In the current study, we aimed to examine if there exist interplays between nitric oxide (NO) and autonomic transmitters and if such interactions vary in different parts of the urinary bladder in healthy and cyclophosphamide (CYP)-induced cystitic rats; when administered to the animals (100 mg/kg; i.p.), the cytotoxic CYP metabolite acrolein induces bladder inflammation. In the current study a series of in vitro functional studies were performed on detrusor muscle strip preparations.
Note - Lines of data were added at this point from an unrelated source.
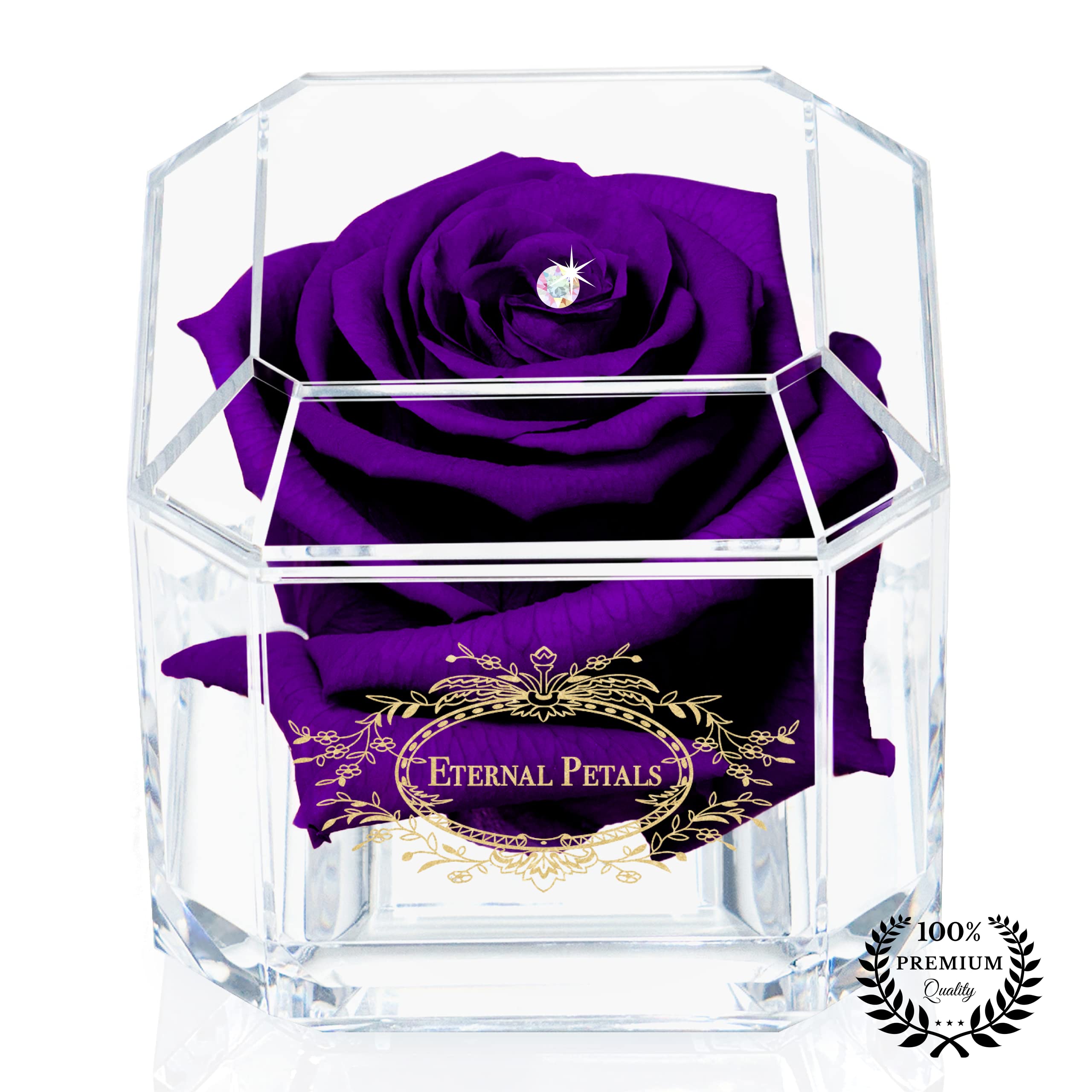 A 100% Real Rose That Lasts Years - Eternal Petals, Handmade in UK – Gold Solo with A Multicolour Crystal (Purple)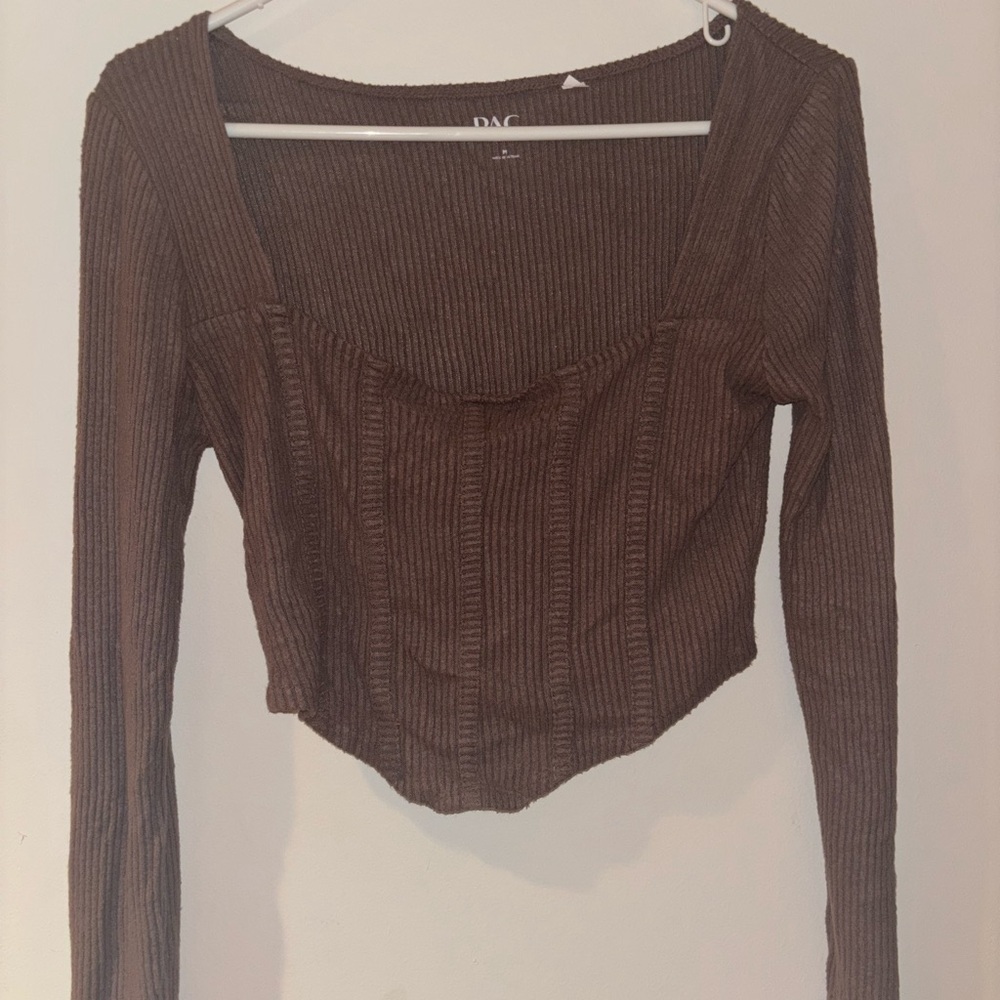 PacSun Brown Ribbed Long Sleeve Crop Blouse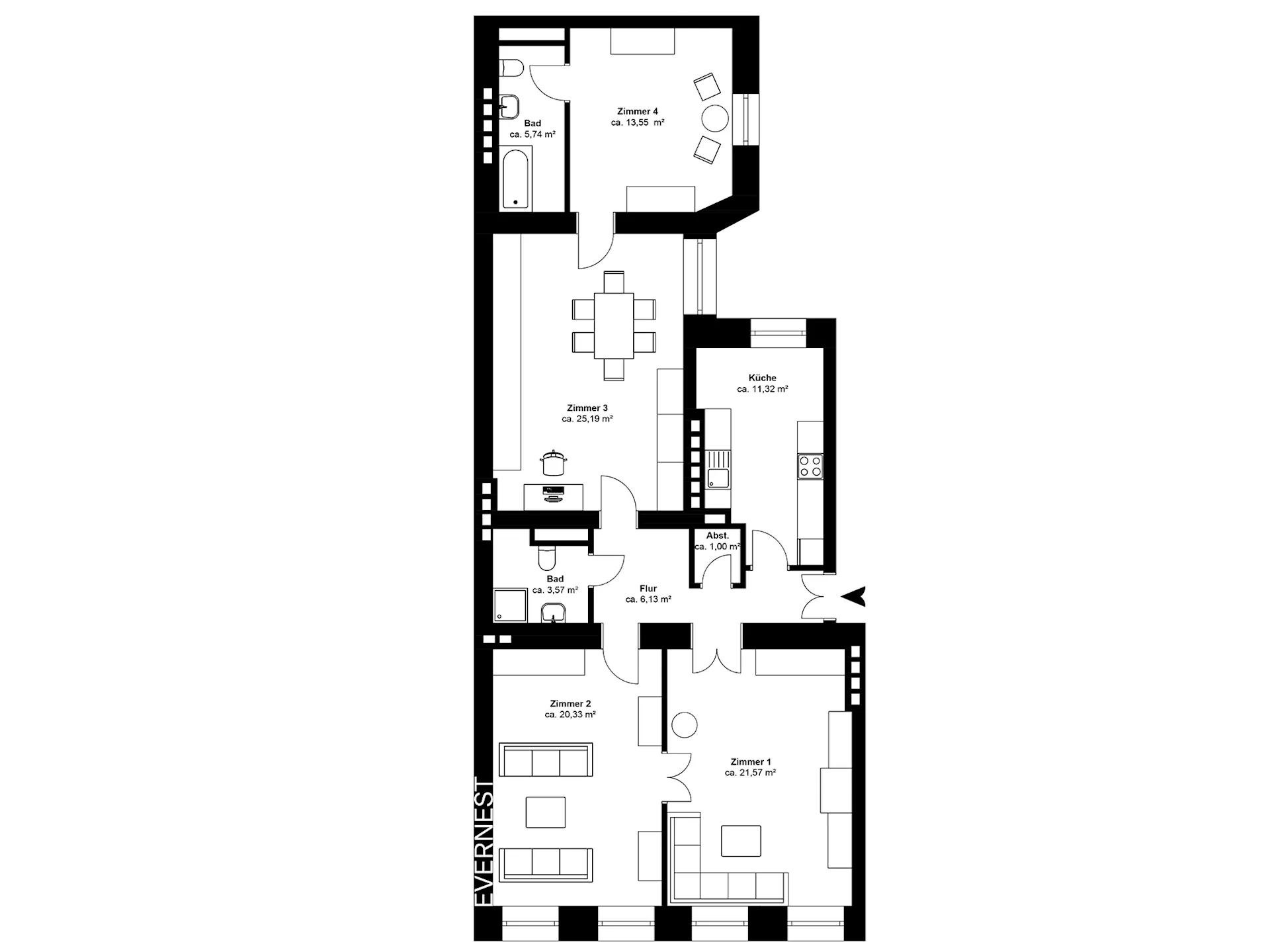 Grundriss einer Wohnung mit vier Zimmern, zwei Bädern, Küche und Flur.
Stimulation with electrical field stimulation (EFS), methacholine, adenosine 5'-triphosphate (ATP), and adrenaline evoked contractile responses in isolated bladder preparations that were significantly reduced in cyclophosphamide (CYP)-treated rats. The study shows that both contractile and relaxatory functions are altered in the state of inflammation.
The parasympathetic nerve-mediated contractions of the body of the bladder, evoked by the release of ATP and acetylcholine, were substantially reduced in cystitis. The relaxations to p-adrenoceptor and purinoceptor stimulation were also reduced but only the ATP-evoked relaxation involved NO.